The patent for the Zerk fitting was granted to Oscar U. Zerk in January 1929, and the assignee was the Alemite Manufacturing Corporation.[1] Alemite had already been marketing, since 1919,[2] ball check valves to accept grease supplied under pressure from a grease gun, such as for car and truck chassis lubrication points, both for OEM installations and for aftermarket upgrade kits which would screw in as replacements for stock grease cups, but Zerk's fitting was an improved style, less vulnerable to dirt and more forgiving of angled approach. Today, many companies make these grease fittings.

Before Zerk fittings existed, bearings were lubricated in various other ways that tended to be more maintenance-intensive and often provided less effective lubrication. For example, a typical machinery bearing of the 19th and early 20th centuries was a plain bearing with a cross-drilled hole to receive oil or grease, with no clever fitting at its mouth, or at best a cap or cup. Often lubricant was delivered under no more pressure than gravity or a finger push might provide. For example, oil was gravity-fed into the hole, or grease was pushed in. Grease guns to feed the grease with higher pressure existed,[1] but their pre-Zerk fittings were not as good for making clean, sealed contact easily, and they were less widely used than today.

The oil hole or grease hole was usually covered with a cap of some kind to keep dirt out, from a simple plug or screw to a spring-loaded hinged cap. Sometimes a cup was mounted, acting as a small reservoir, which would weep oil slowly or could be turned at regular intervals to inject grease into the fitting. The standard mode of maintenance was to have each machine's operator, or a dedicated oiler, go around adding a small squirt of oil or blob of grease to each and every hole or cup on a frequent basis.

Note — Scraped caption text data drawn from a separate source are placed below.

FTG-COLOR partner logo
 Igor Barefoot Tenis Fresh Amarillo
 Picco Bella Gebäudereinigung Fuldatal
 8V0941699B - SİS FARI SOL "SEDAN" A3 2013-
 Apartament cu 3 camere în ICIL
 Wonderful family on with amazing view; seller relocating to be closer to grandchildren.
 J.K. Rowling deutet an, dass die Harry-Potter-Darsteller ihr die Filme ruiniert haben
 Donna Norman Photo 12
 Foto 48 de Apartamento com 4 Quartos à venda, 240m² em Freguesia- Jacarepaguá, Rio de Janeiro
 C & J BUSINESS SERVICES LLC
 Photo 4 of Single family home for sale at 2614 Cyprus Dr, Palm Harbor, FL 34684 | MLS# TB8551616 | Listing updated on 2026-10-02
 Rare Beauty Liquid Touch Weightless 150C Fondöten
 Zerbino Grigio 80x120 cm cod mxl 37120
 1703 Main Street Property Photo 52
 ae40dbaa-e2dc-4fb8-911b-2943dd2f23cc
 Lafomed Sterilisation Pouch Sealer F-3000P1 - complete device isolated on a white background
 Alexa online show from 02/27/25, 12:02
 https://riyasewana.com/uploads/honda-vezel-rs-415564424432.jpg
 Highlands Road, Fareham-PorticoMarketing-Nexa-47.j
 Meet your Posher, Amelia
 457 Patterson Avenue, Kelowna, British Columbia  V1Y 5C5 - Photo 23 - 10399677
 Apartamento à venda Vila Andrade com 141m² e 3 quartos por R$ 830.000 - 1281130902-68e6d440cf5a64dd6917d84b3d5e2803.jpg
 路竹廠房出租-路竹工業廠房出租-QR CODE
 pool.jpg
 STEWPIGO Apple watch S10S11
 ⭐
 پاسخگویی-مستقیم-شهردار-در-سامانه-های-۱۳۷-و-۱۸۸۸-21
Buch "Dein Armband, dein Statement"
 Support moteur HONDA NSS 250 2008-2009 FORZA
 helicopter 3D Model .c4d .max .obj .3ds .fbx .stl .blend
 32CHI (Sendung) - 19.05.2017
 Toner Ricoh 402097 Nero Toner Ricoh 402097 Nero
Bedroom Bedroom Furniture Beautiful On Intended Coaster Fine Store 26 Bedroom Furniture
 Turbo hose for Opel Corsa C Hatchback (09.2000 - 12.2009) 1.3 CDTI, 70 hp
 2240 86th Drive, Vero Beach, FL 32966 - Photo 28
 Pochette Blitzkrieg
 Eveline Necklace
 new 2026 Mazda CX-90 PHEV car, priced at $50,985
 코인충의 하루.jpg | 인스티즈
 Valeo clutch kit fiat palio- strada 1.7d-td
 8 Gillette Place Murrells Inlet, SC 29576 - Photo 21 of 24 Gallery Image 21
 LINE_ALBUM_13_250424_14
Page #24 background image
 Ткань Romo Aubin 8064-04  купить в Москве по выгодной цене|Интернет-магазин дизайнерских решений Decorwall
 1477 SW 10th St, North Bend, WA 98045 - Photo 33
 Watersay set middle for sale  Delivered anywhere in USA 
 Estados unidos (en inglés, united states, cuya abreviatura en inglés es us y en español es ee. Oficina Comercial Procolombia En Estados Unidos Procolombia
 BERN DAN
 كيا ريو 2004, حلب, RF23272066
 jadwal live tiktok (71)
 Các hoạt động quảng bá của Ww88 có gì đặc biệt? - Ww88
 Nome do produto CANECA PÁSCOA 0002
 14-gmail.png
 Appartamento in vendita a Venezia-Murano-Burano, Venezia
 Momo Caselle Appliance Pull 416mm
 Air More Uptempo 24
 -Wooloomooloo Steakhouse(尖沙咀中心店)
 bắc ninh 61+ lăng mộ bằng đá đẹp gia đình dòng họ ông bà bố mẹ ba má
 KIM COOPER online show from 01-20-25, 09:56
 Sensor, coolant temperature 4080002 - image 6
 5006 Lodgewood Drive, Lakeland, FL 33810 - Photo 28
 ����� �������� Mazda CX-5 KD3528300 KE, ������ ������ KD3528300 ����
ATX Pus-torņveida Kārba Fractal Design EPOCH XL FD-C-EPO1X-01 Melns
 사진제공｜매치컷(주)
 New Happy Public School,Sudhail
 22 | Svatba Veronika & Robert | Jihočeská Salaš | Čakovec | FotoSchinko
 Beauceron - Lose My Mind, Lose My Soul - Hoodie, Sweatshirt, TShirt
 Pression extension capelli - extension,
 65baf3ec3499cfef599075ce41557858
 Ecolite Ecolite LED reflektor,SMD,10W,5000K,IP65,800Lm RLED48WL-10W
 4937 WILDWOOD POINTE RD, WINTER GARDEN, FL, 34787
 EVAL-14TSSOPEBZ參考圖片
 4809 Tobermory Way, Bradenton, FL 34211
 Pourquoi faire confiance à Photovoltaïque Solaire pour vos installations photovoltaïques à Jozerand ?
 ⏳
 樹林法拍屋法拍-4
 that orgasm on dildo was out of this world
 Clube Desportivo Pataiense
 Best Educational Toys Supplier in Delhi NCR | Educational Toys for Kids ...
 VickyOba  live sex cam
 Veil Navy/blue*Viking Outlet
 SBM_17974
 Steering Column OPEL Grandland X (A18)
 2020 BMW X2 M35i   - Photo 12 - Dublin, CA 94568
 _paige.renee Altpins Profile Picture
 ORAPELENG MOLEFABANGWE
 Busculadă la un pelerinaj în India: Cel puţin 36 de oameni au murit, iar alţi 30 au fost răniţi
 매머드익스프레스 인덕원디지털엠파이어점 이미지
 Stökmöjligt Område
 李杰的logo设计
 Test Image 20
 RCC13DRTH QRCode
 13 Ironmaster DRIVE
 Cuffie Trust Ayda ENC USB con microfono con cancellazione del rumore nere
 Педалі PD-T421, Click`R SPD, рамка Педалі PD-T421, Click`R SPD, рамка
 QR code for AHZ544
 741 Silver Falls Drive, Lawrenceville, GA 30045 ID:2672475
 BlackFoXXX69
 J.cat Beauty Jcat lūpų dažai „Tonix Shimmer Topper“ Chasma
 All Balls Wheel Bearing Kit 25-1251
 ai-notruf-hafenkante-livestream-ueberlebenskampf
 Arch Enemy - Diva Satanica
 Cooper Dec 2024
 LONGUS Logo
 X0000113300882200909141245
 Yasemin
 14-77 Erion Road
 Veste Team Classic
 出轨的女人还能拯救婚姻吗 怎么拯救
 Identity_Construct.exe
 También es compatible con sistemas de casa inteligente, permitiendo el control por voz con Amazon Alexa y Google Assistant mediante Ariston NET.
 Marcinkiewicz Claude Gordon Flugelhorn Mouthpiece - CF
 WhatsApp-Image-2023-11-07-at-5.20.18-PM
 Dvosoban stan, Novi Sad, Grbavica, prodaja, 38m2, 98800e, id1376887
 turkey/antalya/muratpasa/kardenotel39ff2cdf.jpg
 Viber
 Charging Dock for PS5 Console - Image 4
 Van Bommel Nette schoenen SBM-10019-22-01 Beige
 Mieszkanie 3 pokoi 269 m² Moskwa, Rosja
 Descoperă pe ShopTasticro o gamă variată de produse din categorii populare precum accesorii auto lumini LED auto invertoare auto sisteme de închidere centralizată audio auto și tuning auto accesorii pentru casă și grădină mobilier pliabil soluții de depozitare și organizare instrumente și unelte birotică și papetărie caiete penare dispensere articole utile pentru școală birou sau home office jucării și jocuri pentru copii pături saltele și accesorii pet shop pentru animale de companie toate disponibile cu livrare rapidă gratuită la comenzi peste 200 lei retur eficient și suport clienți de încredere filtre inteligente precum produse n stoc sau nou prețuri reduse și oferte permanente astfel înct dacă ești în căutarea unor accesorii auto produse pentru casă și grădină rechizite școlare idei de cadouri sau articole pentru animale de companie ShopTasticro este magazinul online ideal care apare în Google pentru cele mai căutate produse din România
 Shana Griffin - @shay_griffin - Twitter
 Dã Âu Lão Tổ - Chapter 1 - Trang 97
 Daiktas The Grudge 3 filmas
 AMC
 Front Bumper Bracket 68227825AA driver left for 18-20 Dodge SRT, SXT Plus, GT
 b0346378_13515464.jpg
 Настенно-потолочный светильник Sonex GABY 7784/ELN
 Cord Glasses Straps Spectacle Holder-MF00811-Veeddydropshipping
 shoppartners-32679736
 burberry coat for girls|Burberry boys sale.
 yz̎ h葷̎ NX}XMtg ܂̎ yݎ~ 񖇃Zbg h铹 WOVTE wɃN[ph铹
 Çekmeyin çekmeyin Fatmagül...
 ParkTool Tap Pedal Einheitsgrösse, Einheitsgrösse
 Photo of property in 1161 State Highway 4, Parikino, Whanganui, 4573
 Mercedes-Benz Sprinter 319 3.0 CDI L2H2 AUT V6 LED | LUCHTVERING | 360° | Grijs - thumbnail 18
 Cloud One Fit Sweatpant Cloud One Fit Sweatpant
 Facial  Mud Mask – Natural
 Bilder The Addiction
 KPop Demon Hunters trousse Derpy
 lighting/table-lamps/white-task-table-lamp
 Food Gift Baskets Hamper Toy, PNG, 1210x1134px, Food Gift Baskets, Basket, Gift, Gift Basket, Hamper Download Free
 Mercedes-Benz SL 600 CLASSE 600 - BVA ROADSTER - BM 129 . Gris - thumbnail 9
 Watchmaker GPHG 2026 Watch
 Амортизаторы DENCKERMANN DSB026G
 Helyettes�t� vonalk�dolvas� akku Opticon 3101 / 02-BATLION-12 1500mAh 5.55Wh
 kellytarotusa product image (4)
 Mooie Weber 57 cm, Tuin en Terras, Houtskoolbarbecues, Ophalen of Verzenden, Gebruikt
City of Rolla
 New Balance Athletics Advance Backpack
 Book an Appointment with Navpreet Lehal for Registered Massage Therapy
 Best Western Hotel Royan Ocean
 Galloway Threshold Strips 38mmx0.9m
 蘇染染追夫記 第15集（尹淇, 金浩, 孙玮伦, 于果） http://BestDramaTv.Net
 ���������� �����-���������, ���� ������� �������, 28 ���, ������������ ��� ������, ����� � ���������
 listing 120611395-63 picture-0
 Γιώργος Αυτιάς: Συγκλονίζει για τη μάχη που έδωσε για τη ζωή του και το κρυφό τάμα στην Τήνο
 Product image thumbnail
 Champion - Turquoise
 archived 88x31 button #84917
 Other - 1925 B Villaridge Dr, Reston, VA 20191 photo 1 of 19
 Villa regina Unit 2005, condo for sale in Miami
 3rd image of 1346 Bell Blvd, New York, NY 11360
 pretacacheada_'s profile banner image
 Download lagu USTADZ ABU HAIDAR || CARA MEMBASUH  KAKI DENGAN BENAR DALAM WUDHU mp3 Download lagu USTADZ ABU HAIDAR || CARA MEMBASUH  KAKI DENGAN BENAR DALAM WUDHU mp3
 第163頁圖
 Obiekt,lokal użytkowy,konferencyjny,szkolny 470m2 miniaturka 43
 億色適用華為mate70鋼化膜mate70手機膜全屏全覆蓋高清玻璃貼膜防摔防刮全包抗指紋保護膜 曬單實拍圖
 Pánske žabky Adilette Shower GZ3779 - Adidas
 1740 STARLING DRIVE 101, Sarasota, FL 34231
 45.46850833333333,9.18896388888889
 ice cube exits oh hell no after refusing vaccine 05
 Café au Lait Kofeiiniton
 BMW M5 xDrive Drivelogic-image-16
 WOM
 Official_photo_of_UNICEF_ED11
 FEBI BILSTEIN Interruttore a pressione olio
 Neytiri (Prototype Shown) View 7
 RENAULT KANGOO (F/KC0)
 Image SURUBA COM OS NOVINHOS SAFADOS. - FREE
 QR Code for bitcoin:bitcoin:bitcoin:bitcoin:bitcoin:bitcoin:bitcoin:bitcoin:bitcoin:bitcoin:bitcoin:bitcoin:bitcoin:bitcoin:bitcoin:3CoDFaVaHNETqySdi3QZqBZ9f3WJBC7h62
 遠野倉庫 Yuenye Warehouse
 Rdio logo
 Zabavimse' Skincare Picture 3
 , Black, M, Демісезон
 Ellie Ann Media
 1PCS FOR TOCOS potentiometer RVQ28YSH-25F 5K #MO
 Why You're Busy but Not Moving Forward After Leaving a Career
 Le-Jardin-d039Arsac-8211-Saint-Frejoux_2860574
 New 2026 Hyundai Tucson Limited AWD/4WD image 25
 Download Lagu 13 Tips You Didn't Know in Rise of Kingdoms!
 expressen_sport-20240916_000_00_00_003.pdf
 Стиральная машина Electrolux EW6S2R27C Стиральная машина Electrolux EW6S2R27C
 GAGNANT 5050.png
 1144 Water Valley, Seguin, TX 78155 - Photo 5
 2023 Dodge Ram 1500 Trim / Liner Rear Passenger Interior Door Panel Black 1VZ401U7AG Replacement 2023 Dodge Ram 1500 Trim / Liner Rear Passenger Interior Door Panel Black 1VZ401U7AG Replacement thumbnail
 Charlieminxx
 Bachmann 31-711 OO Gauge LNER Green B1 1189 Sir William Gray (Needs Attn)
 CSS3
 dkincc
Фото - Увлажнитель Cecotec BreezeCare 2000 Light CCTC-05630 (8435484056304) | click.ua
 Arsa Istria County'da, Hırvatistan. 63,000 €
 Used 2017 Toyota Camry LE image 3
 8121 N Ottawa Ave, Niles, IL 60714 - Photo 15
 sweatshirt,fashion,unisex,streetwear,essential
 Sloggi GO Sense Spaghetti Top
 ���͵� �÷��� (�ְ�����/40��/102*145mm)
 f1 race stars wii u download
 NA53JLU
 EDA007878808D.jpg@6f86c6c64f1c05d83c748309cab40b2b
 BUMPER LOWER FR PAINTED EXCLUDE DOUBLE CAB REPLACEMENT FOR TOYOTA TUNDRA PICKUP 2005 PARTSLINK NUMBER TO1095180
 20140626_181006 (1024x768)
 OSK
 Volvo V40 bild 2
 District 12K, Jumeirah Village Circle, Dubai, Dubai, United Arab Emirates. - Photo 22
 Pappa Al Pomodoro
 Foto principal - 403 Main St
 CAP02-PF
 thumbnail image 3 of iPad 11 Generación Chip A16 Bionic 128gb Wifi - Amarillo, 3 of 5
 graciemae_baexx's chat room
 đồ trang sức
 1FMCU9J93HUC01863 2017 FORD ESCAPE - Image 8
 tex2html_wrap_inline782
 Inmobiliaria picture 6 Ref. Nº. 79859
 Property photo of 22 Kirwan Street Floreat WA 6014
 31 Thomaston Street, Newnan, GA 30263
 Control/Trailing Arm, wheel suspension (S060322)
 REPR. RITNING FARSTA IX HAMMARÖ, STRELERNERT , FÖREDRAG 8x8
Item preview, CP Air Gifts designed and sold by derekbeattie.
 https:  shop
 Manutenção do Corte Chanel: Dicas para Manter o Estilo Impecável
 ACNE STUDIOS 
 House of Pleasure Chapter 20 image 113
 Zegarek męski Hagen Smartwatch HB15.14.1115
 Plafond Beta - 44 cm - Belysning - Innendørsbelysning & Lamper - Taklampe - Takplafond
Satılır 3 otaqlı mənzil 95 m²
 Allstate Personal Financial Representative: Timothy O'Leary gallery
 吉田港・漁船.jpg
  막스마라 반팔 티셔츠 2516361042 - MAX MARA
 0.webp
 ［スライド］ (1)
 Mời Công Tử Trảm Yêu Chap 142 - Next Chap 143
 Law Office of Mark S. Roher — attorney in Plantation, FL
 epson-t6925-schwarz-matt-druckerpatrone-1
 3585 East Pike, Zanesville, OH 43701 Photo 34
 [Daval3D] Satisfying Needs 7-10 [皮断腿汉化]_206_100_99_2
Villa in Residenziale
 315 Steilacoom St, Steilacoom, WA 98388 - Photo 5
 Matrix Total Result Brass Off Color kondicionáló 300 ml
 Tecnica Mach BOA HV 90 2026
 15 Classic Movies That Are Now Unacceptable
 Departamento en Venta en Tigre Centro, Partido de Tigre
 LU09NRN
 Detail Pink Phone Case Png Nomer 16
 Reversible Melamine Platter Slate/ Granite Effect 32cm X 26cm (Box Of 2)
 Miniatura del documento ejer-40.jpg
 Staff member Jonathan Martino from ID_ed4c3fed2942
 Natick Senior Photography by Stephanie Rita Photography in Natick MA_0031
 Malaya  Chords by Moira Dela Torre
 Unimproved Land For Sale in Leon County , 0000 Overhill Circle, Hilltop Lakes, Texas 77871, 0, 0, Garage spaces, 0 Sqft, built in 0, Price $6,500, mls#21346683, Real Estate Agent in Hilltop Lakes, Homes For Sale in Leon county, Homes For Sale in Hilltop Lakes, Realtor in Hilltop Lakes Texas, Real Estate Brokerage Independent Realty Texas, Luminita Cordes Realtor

Typical frequencies for oiling were one oil squirt (to every bearing) for each day of use, or in some cases each week. Grease is essentially oil held in a viscous gel or cream whose viscosity is used to hold the oil over time in places where oil alone cannot be supplied constantly enough, and would quickly drip away without the viscous suspension. This trait makes it better for bearings that cannot practically receive new oil on a near-constant basis. Thus a typical frequency for greasing might be monthly, yearly, or every several years.

If the lubrication schedule was faithfully and conscientiously adhered to, the lubrication quality could be very good. Large marine engines and stationary engines to power whole factories were likeliest to get such top-quality care. But locomotives, rail cars, agricultural implements, and automobiles were less certain of good care, and lubrication quality without constant lubing tended to be intermittent, from mediocre to bad. Attempts to improve on the simple oil hole concept included putting a small reservoir of oil above the hole, which slowly dripped oil into it. An example is the Lunkenheimer oiler in the nearby image. Such oilers often incorporated one or more of the following features:

  • A wick (to hold the oil and allow it to be drawn down slowly by capillary action, just as an oil-lamp wick or candle wick fed oil or melted wax to its flame
  • A fine mesh screen to act as a filter to keep dirt from getting down the hole
  • A glass cup rather than a metal one, which allowed an operator or oiler to see at a glance how low the oil level was
 
A typical engine oiler
This is one made by Lunkenheimer

For greased bearings, the low pressures of lubrication before the grease fitting could often result in a failure of the grease to travel all the way down into all the voids of the bearing. The grease fitting improved this penetration, yielding more effective lubrication.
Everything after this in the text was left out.